Cast: Buster Keaton (Reginald Irving), Charlotte Greenwood (Polly Hathaway), Reginald Denny (Jeffery Haywood), Cliff Edwards (Bellhop), Dorothy Christy (Angelica Embrey), Joan Peers (Nita Leslie), Sally Eilers (Virginia Embrey), Natalie Moorhead (Leila Crofton), Edward Brophy (Dectective), Walter Merrill (Frederick Leslie), Sidney Bracy (Butler).

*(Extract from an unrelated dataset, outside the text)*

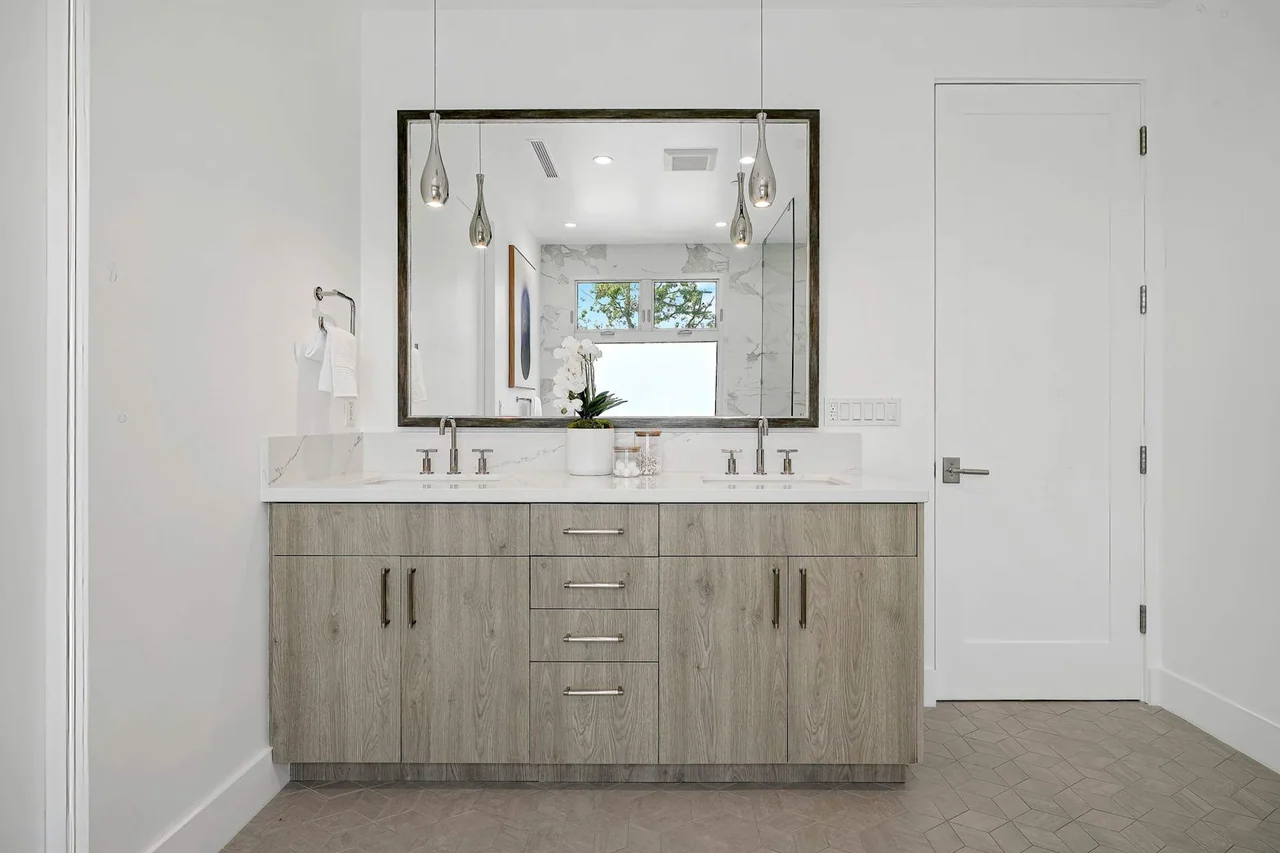 Double vanity beneath a wide mirror at Fairburn Avenue.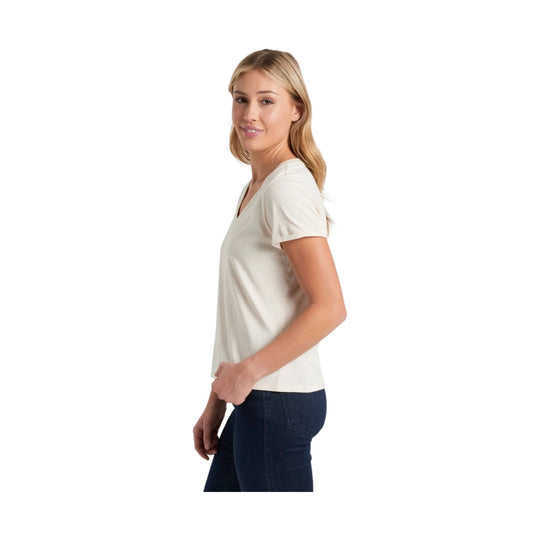 White V-neck short-sleeve T-shirt worn with dark jeans, side view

In the silent era, Hollywood’s trinity of screen comedians were Chaplin, Lloyd and Keaton. Each of these men had their own style and techniques. Lloyd was forever playing the bespectacled, straw-hatted, bound-to-succeed American boy, garbed in a bargain-basement suit. He was the average everyday man confronted with life’s struggle in the never ending pursuit of happiness. Within the framework of the deceptively shy, hesitantly smiling go-getter, Lloyd devised some of the most thrilling sight gags put on film. His character was always coping with a less than friendly world and combating the recurring animosity of inanimate objects. But no matter what, his goals were clear–he was seeking career success and the affection of the girl of his dreams.
Harold Lloyd’s screen persona was much closer to his offscreen reality than either Chaplin’s or Keaton’s. Keaton was the incompetent bungler, the physical magician; the conflict between the two opposites became an essential part of every film. Lloyd, however, adopted a character as close to himself as possible and then revealed nothing. He consistently cut us off at the surface.
When sound arrived, both Lloyd and Keaton were propelled into the world of sound; only Chaplin was a holdout. Both comedians had their own problems. Although Lloyd’s films never lost money, he had a lot of trouble adjusting to the sound era, making only seven films before retirement. During the 20’s, Lloyd’s films often outdrew at the box office the films of Chaplin and Keaton. In addition to his skill as a comedian, Lloyd had another important asset–his athletic prowess. Lloyd’s career, unlike Keaton’s, was a gradual evolution. And, unlike Keaton and Chaplin, Lloyd wasn’t a natural comedian. His rivals came to film the way of vaudeville and carried their knowledge of physical comedy and sense of professionalism with them.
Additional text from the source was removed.